On October 30, 1859, pilots Francis Pennea, Peter R. Ballie, and Thomas Atiken were on the pilot boat Mary Ann, No. 13 when they rescued three men in a yawl twenty-five miles off Sandy Hook. The men were blown out to sea during a storm, while they were returning to the Sandy Hook Lightship after picking up Charles C. Freeman from the Merchants' Express Line Clipper ship Richard S. Ely.

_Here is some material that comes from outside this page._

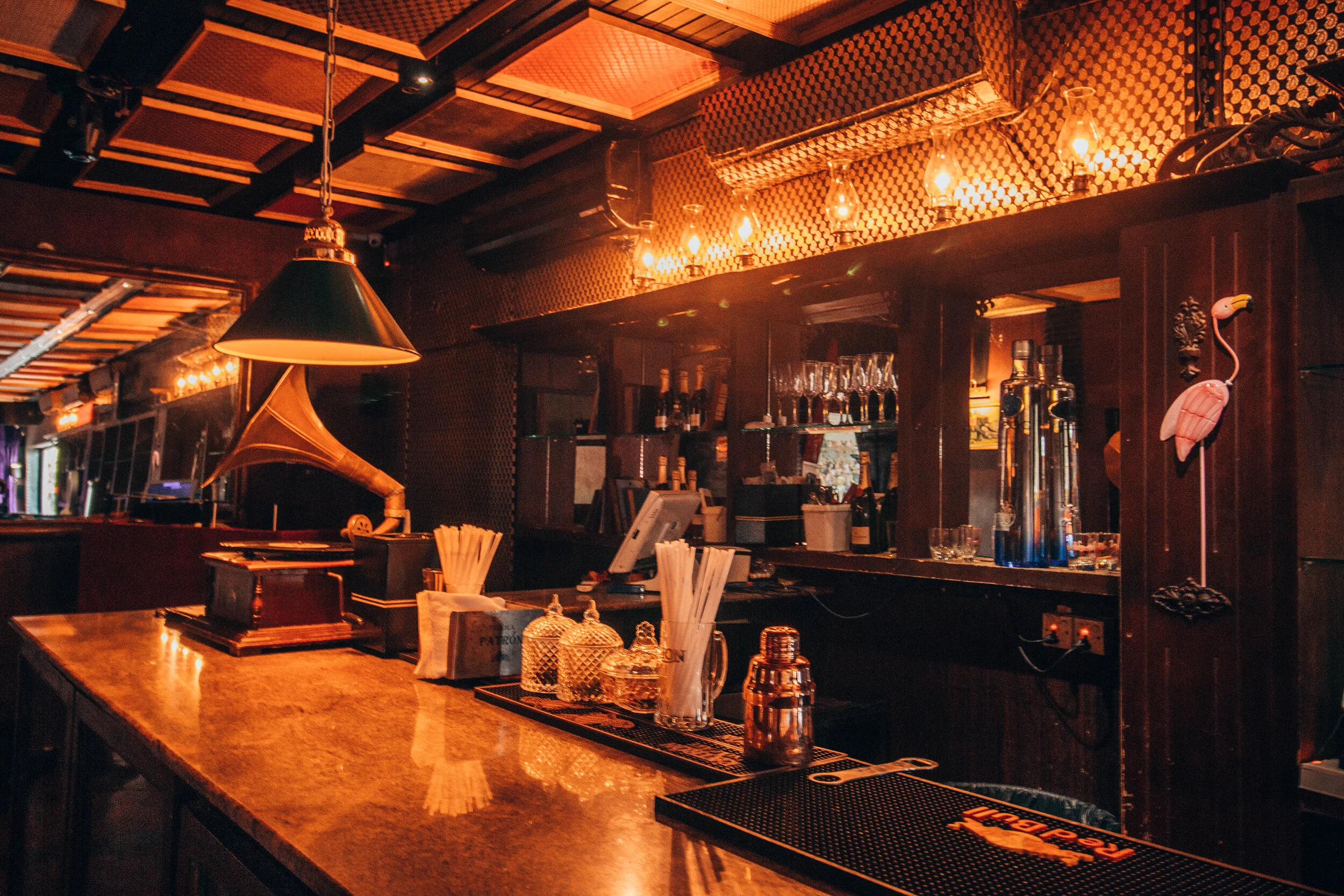 Interior of a dimly lit bar with a wooden counter, glasses, bottles, and vintage decor including a flamingo lamp and a gramophone.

In 1860, the Mary Ann was one of only twenty-one pilot boats in the New York and New Jersey fleet. The boat number "13" was painted as a large number on her mainsail, that identified the boat as belonging to the Sandy Hook Pilots.

On October 10, 1860, New York Sandy Hook Pilot John Cannon, of the pilot boat Mary Ann, No. 13 signed a statement along with other pilots, that he was satisfied with the representation he had received from the New York Board of Commissioners of Pilots.

One of last reports of the pilot boat Mary Ann, No. 13 was on August 28, 1863, when she went ashore outside Sandy Hook. She was later able to get off the bar without any damage.

Sandy Hook pilot, Captain David Anderson Thomas purchased a controlling interest in the pilot boat Mary Ann, which he had up to his death in 1864.